The Gentle Shepherd.
Up in the North they call a sheep-shearing the clipping-time; and to come in clipping-time is to come as opportunely as at sheep-shearing, when there are always mirth and good cheer. In the middle of the seventeenth century, clippers always expected a joint of roasted mutton. In the Winter's Tale, the clown ponders:
"Let me see, what am I to buy for our sheep-shearing feast? Three pounds of sugar, five pounds of currants, rice—what will this sister of mine do with rice? But my father hath made her mistress of the feast, and she lays it on.... I must have saffron to colour the warden pies; mace; dates, none! That's out of my note. Nutmegs, seven; a race or two of ginger—but that I may beg; four pounds of prunes, and as many of raisins o' the sun."
The old customs of clipping-time were observed by Sir Moyle Finch, at Walton, near Wetherby, in the time of Charles I., and are thus described by Henry Best:
"Hee hath usually fower severall keepinges shorne altogether in the Hall-garth.... He hath had 49 clippers all at once, and their wage is, to each man 12d. a day, and when they have done, beere and bread and cheese; the traylers have 6d. a day. His tenants the graingers are tyed to come themselves, and winde the well; they have a fatte wether and a fatte lambe killed, and a dinner provided for their paines; there will be usually three score or fower score poore folkes gatheringe up the lockes; to oversee whom standeth the steward and two or three of his friends or servants, with each of them a rodde in his hande; there are two to carry away the well, and weigh the roll so soone as it is wounde up, and another that setteth it downe ever as it is weighed; there is 6d. allowed to a piper for playing to the clippers all the day; the shepheards have each of them his bell-weather's fleece,"—the "bellys" allowed to the shepherd by the old Saxon laws.

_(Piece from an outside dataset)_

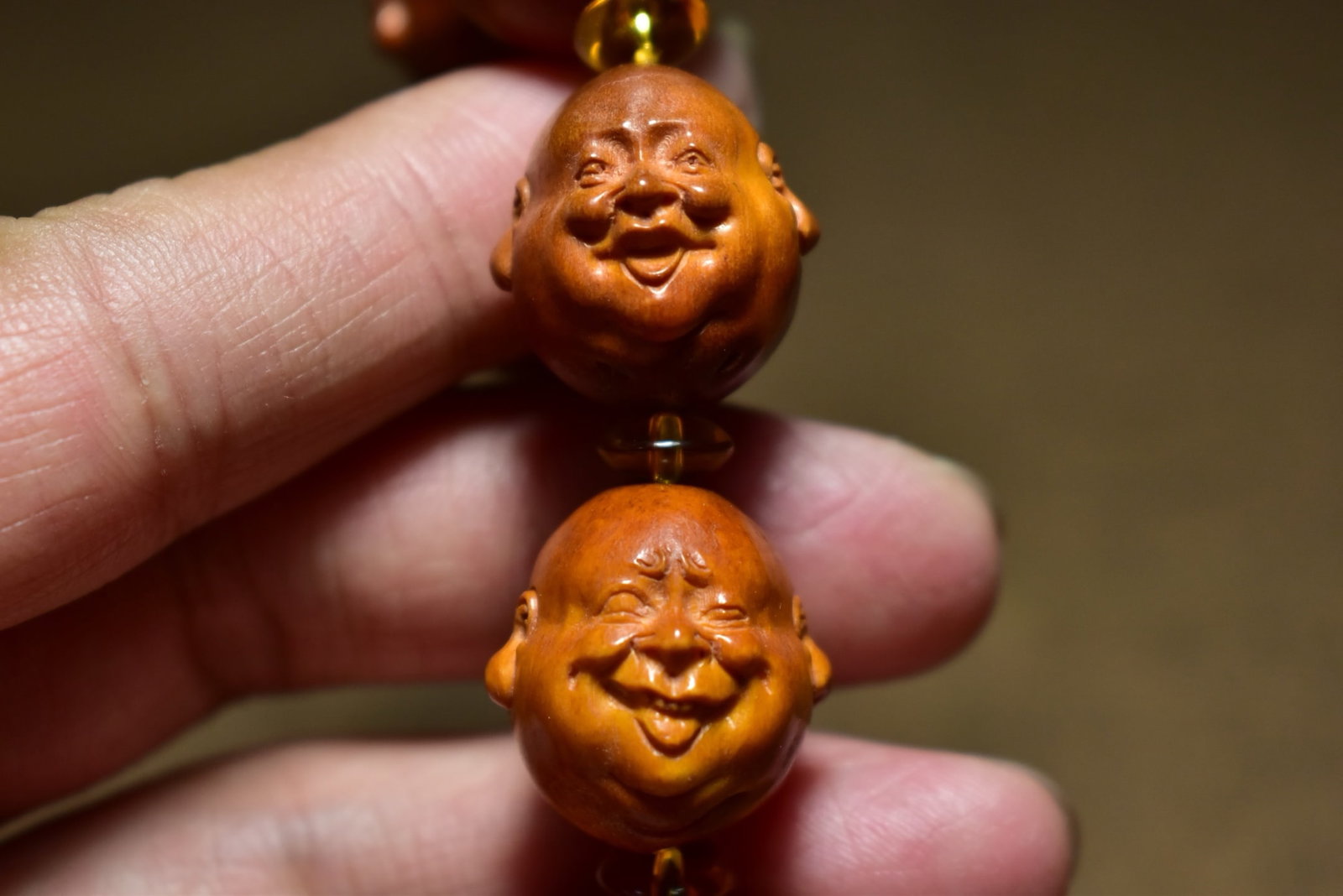 Horn Hand-Carved Laughing Buddha Bracelet Bangle - 7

Sheep-shearing was thus celebrated in ancient times with feasting and rustic pastimes; at present, excepting a supper at the conclusion of the sheep-shearing, we have few remains of the older custom. Nevertheless, it is interesting to revert to these pictures of pastoral life and rusticity, more especially as we find them embellished by the charms of poetry, and enlivened by a simplicity of manners which, to whatever period it may belong, is always entertaining, if not productive of better fruit. The season of the shearing is thus laid down by Dyer:
"If verdant Elder spreads
Her silver flowers, if humble Daisies yield
To yellow rowfoot and luxuriant grass,
Gay Shearing Time approaches."
CONVEYANCE SERVICE.
The most irksome tasks were the transport services, called in Scotland the duties of arriage and carriage. The load of a sumpter-horse was usually eight bushels—the weight of a sack of wool, or a quarter of corn. A wain-load was apparently nine seams. The goods carried were chiefly provisions—grain, pulse, malt, honey, bacon, suet, salt, and wood. A castle or monastery was farmed—that is, supplied with food—by the nearest manors belonging to the lord. The farming was done according to a regular cycle, each manor sending supplies in its turn for so many days or weeks. We have a list of thirty-five villages which took turns to farm Ely Minster—some for three or four days, some for a week, some for a fortnight.
Everything contributed in this manner did not travel in waggons, or packs and panniers; oxen and swine were driven to the head of the barony to be slaughtered, especially at Martinmas; if the drovers came from any distance, they received drove-meat. Arriage and carriage were not very burdensome when fulfilled by the removal of so much wool, or cheese, or corn, or bacon, to a neighbouring town; but they became serious when a tenant had to ride or drive from the heart of England to the coast and home again. Some tenants were called pouchers, because they were required to carry goods in a poke, pouch, or bag. In the Channel Islands, on the first spring-tide after the 24th of June, the poor who possess neither cart nor horse have the exclusive right to cut vraic (wrack, sea-weed), on consideration that it is conveyed on their backs to the beach. Thus cut and conveyed it is called vraic à la poche, and distinguished from vraic à cheval.